As prices nosedived, GoFrac found itself undercut by larger
companies offering up to 20 percent lower costs for their services.
"Some of the larger players were awarded the work for a price that
we couldn't even cover the cost of the sand alone," said GoFrac CFO
McGlinch.
By the beginning of February, with its workforce eroded by two
rounds of layoffs, GoFrac brought its equipment in from the field
and halted operations.
It owes debts across the board, from $3 million to New York-based
Icon Investments for leased equipment, to $60,000 to Great White
Washing, a local outfit that pressure cleaned GoFrac's equipment.

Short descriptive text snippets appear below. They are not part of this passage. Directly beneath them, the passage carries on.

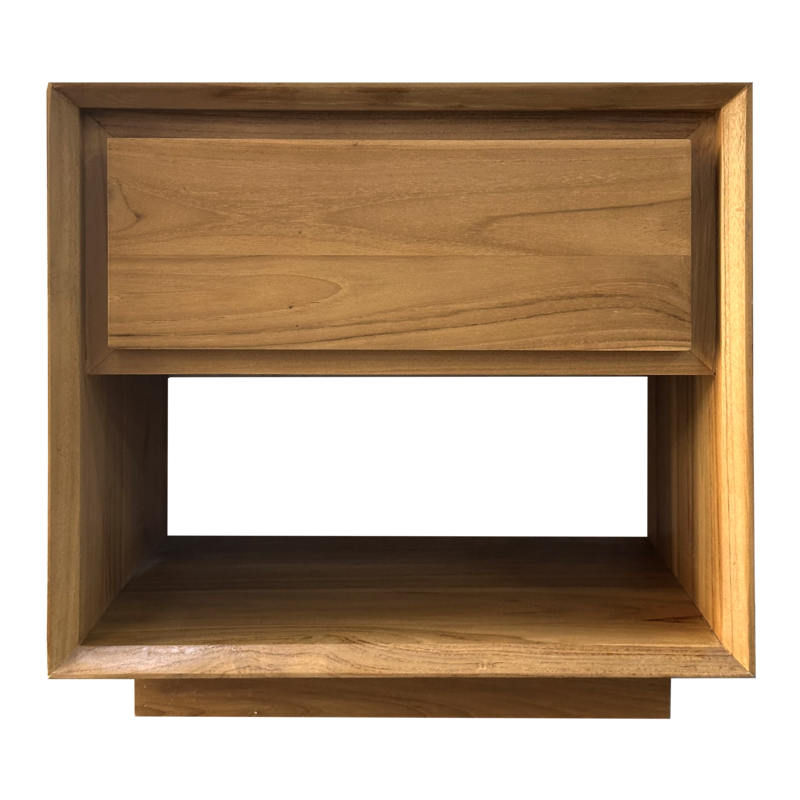 Table de chevet Oliver 1 tiroir 50x50x40 cm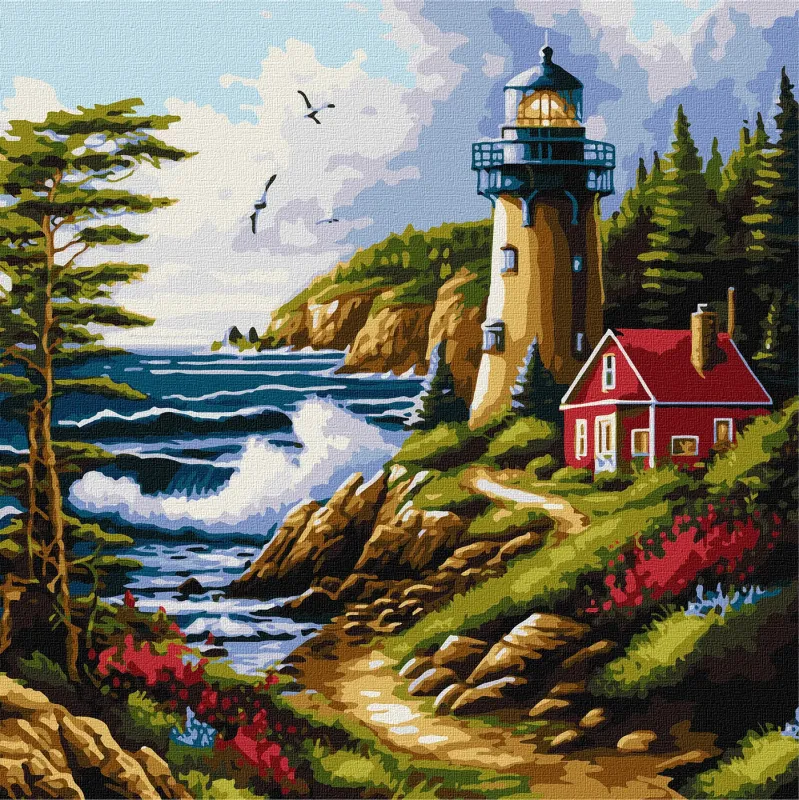 Картина за номерами - Морський бриз ©art_selena_ua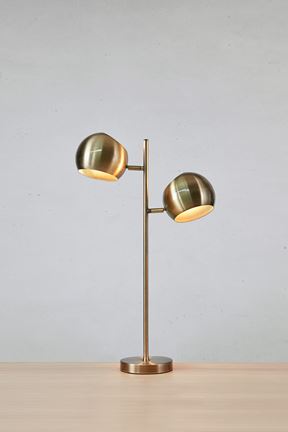 Edgar - Tischlampe Antikmessing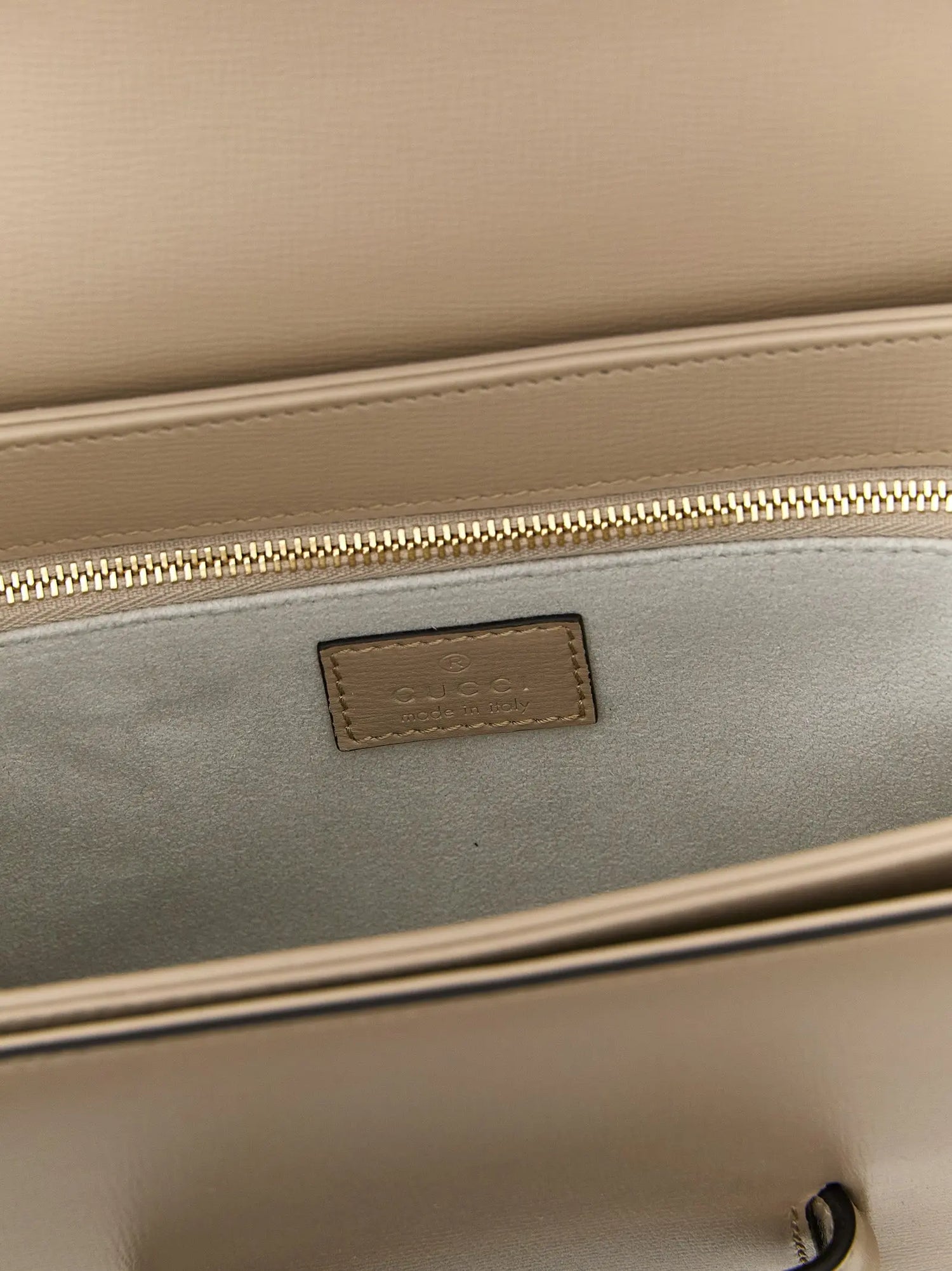 Gucci Beige Calfskin Shoulder Bag Gucci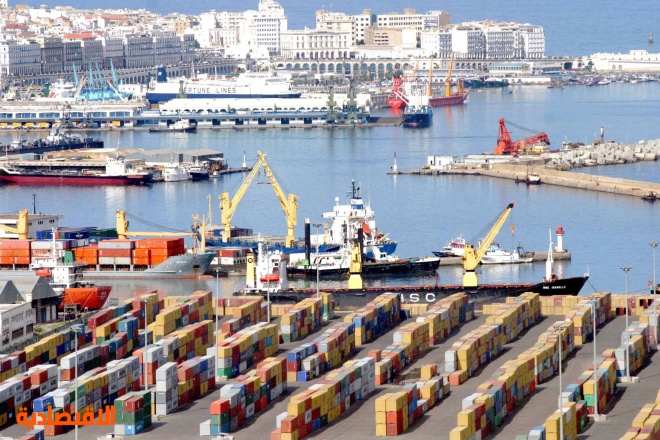 ارتفعت حركة الملاحة في ميناء الجزائر بأكثر من 14 %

"With a little more airspeed and a little more runway we would have
got there, but we didn't and we shut down," McGlinch said.
NOT ALONE
While most large public energy companies have been kept afloat with
loans this year, lower-profile private companies are struggling to
survive.
Frac Specialists, a Midland, Texas-based company with 280 employees,
filed for bankruptcy on May 17. Like GoFrac, Frac Specialists' rise
was meteoric. Revenues, $17.1 million in 2011, jumped to $204.1
million in 2014. Then the work dried up; the number of rigs drilling
for oil in the United States has fallen for the last 27 weeks, down
to a five-year low of 635 last week from an all time peak of 1,609
in October 2014, according to a weekly survey from Baker Hughes.
Frac Specialists declined to comment for this article.
Other companies are struggling to meet loan payments and are fast
approaching bankruptcy, lenders said.
"There has been an amazing fallout," said Eric Freeman, vice
president at Summit Funding Group, which arranged a $43-million loan
for GoFrac but which plans no more investment in energy firms.
"I have never seen anything like it," he said.
Meanwhile, for GoFrac's remaining employees, the job is to find a
buyer for its hundreds of pieces of equipment.
In an auction in nearby Odessa on May 13, about a dozen pieces of
GoFrac machinery were put up for sale. Bought 18 months ago for
about $12.5 million, they were valued that day at $10 million.
Bids at the auction were slow, however, despite attempts by the
auctioneer to coax the price higher.
"This is the opportunity of a lifetime," he told participants.
"Think about what you are saving, not what you are spending."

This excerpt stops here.